Special advanced notice: although much of the commentary consists of mindless gibberish there is a bit of serious stuff part way through, which is all true.  You have to guess which bit it is.

Part the First: The Evil Empire

Bolton Wanderers, known as Notlob, make the Evil Empire look like a troupe of ballet dancers performing Swan Lake in the Kalahari Desert.

But still we must attend to our duty, be at the match and pretend that they might play football, no matter how much of an evolutionary backwater the town and its nearby club appears to be.

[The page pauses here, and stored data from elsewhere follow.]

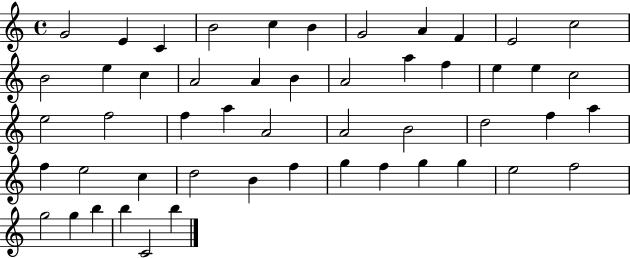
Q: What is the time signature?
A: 4/4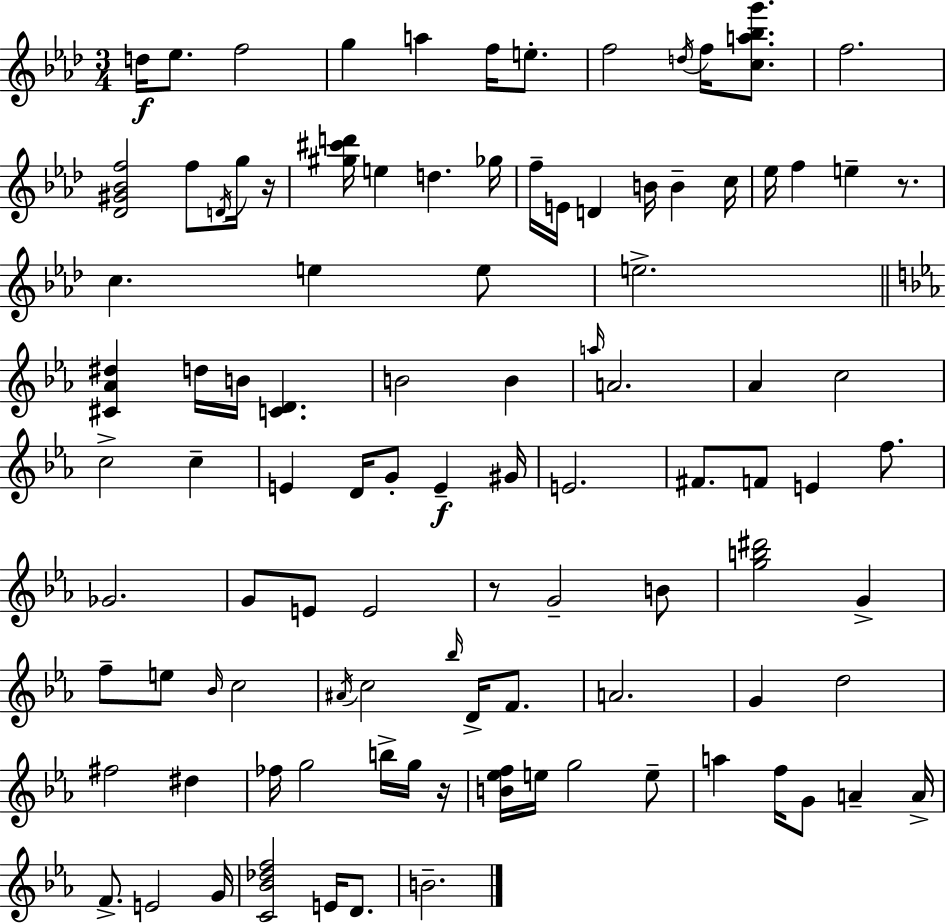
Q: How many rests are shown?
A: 4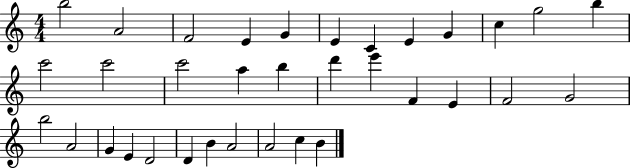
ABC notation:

X:1
T:Untitled
M:4/4
L:1/4
K:C
b2 A2 F2 E G E C E G c g2 b c'2 c'2 c'2 a b d' e' F E F2 G2 b2 A2 G E D2 D B A2 A2 c B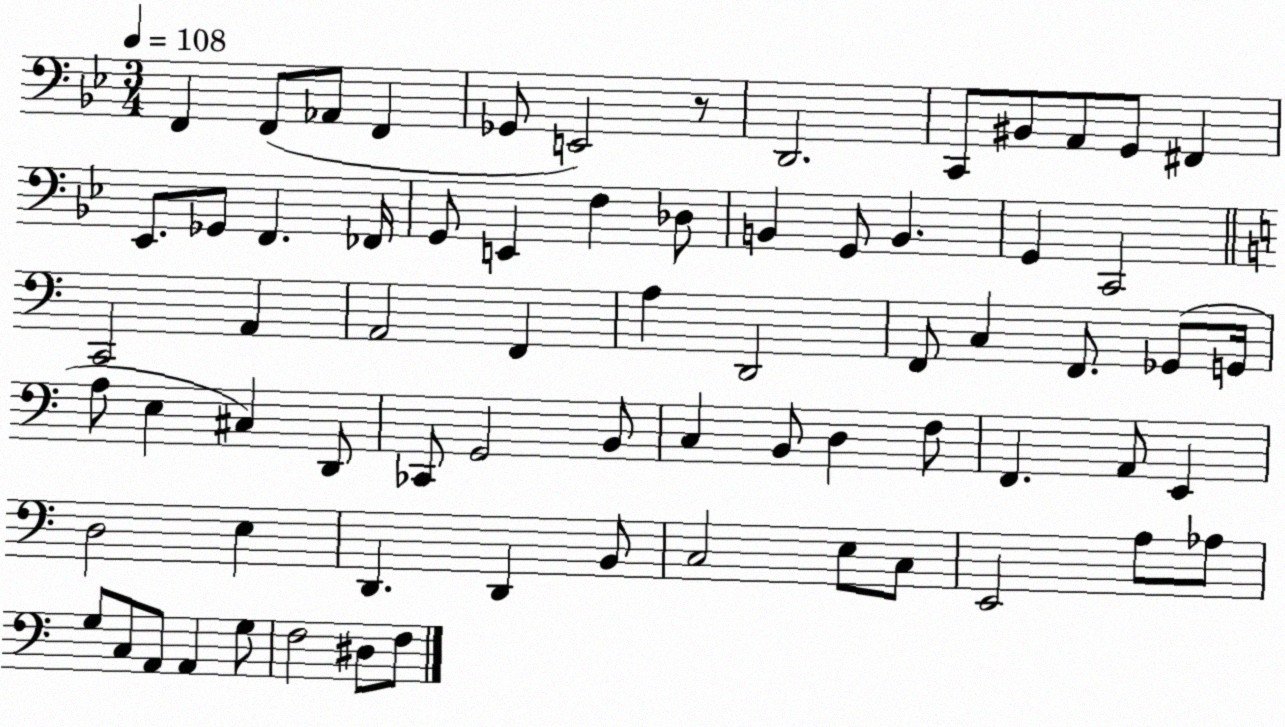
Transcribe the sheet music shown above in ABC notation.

X:1
T:Untitled
M:3/4
L:1/4
K:Bb
F,, F,,/2 _A,,/2 F,, _G,,/2 E,,2 z/2 D,,2 C,,/2 ^B,,/2 A,,/2 G,,/2 ^F,, _E,,/2 _G,,/2 F,, _F,,/4 G,,/2 E,, F, _D,/2 B,, G,,/2 B,, G,, C,,2 C,,2 A,, A,,2 F,, A, D,,2 F,,/2 C, F,,/2 _G,,/2 G,,/4 A,/2 E, ^C, D,,/2 _C,,/2 G,,2 B,,/2 C, B,,/2 D, F,/2 F,, A,,/2 E,, D,2 E, D,, D,, B,,/2 C,2 E,/2 C,/2 E,,2 A,/2 _A,/2 G,/2 C,/2 A,,/2 A,, G,/2 F,2 ^D,/2 F,/2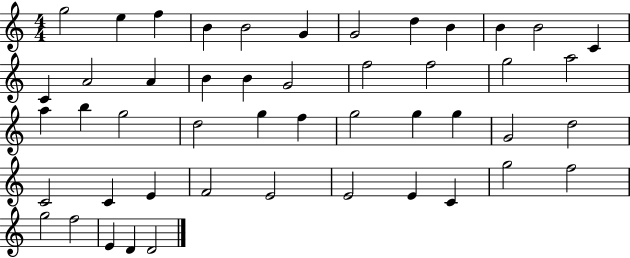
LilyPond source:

{
  \clef treble
  \numericTimeSignature
  \time 4/4
  \key c \major
  g''2 e''4 f''4 | b'4 b'2 g'4 | g'2 d''4 b'4 | b'4 b'2 c'4 | \break c'4 a'2 a'4 | b'4 b'4 g'2 | f''2 f''2 | g''2 a''2 | \break a''4 b''4 g''2 | d''2 g''4 f''4 | g''2 g''4 g''4 | g'2 d''2 | \break c'2 c'4 e'4 | f'2 e'2 | e'2 e'4 c'4 | g''2 f''2 | \break g''2 f''2 | e'4 d'4 d'2 | \bar "|."
}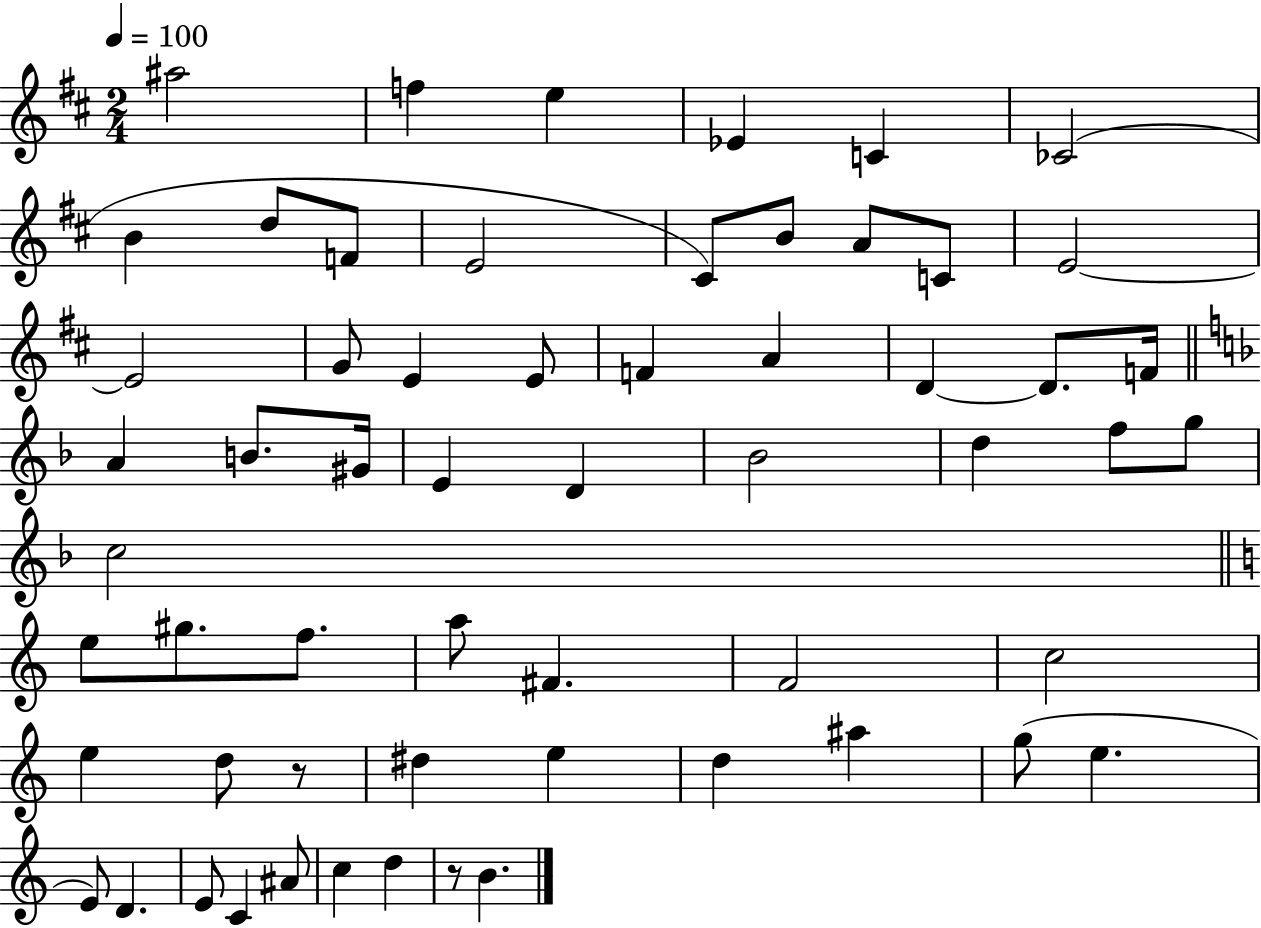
A#5/h F5/q E5/q Eb4/q C4/q CES4/h B4/q D5/e F4/e E4/h C#4/e B4/e A4/e C4/e E4/h E4/h G4/e E4/q E4/e F4/q A4/q D4/q D4/e. F4/s A4/q B4/e. G#4/s E4/q D4/q Bb4/h D5/q F5/e G5/e C5/h E5/e G#5/e. F5/e. A5/e F#4/q. F4/h C5/h E5/q D5/e R/e D#5/q E5/q D5/q A#5/q G5/e E5/q. E4/e D4/q. E4/e C4/q A#4/e C5/q D5/q R/e B4/q.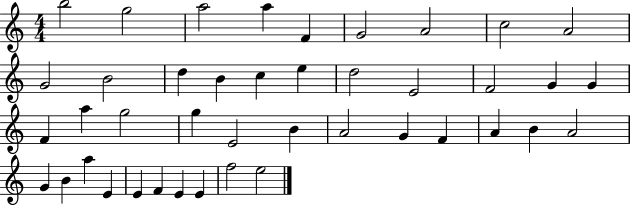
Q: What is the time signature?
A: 4/4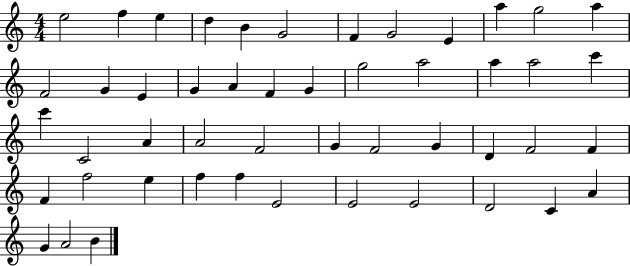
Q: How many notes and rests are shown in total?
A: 49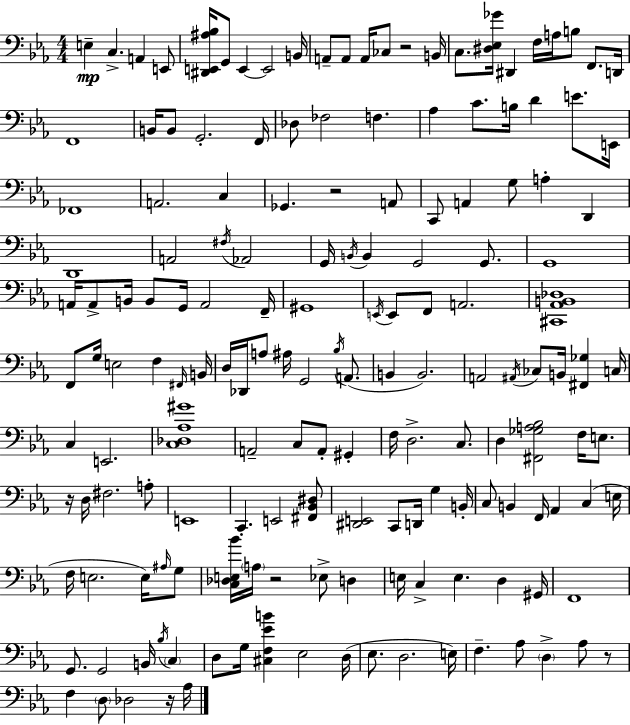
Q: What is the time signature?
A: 4/4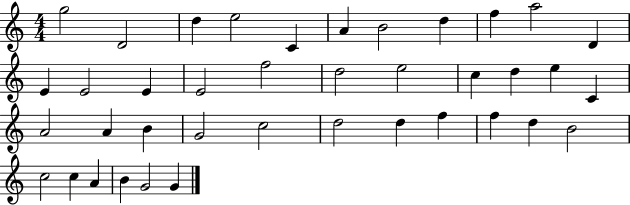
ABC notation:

X:1
T:Untitled
M:4/4
L:1/4
K:C
g2 D2 d e2 C A B2 d f a2 D E E2 E E2 f2 d2 e2 c d e C A2 A B G2 c2 d2 d f f d B2 c2 c A B G2 G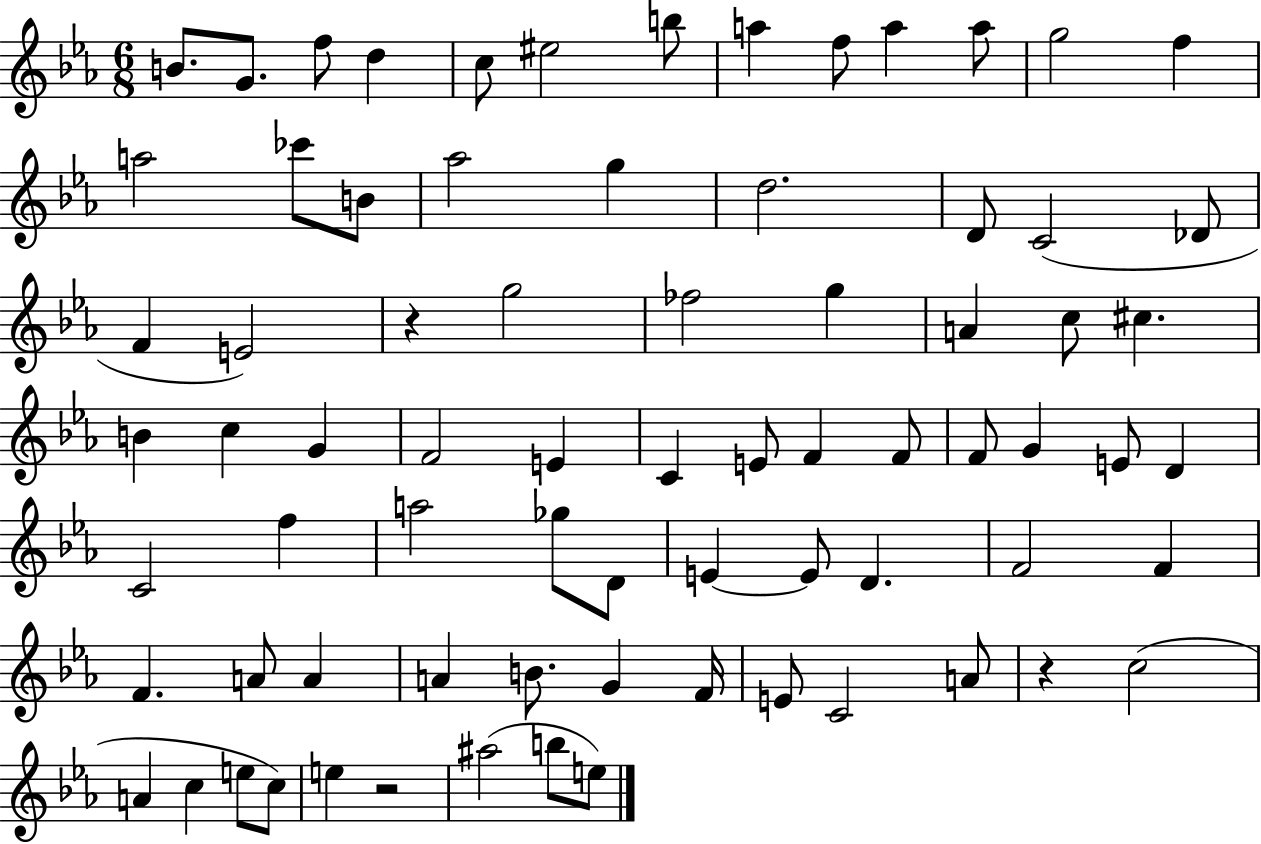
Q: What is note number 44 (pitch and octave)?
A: C4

For as Shakespeare says, “The Republic of Nottlobe thriveth upon unreason, and unreason thriveth upon Nottlobe and beyond.” (As You Like It, Act II scene III).

Or to quote Queen Victoria, “We seem to have conquered Notlobia in a fit of absence of the mind”.

Part the second: the fans and the language

Thus we give a warm and hearty welcome to the beings from the knuckle end of olde England: the wildebeests of the north.   It is reported that Notlob have taken up their full compliment of away tickets for today and so with 37 people from the outlying province meandering around the ground it is possible that you might hear some Notlobian if you are at the game.   I therefore thought it might be helpful if I translated.

As you may know following the Radio 5 programme “Teach yourself Notlobian”, Notlobian has no word for goal – largely because it is so rarely needed.  Instead they adapt their word for “foootball” (kick-im).   You will have heard this on Sunday.   We scored and they shouted “Kick im”.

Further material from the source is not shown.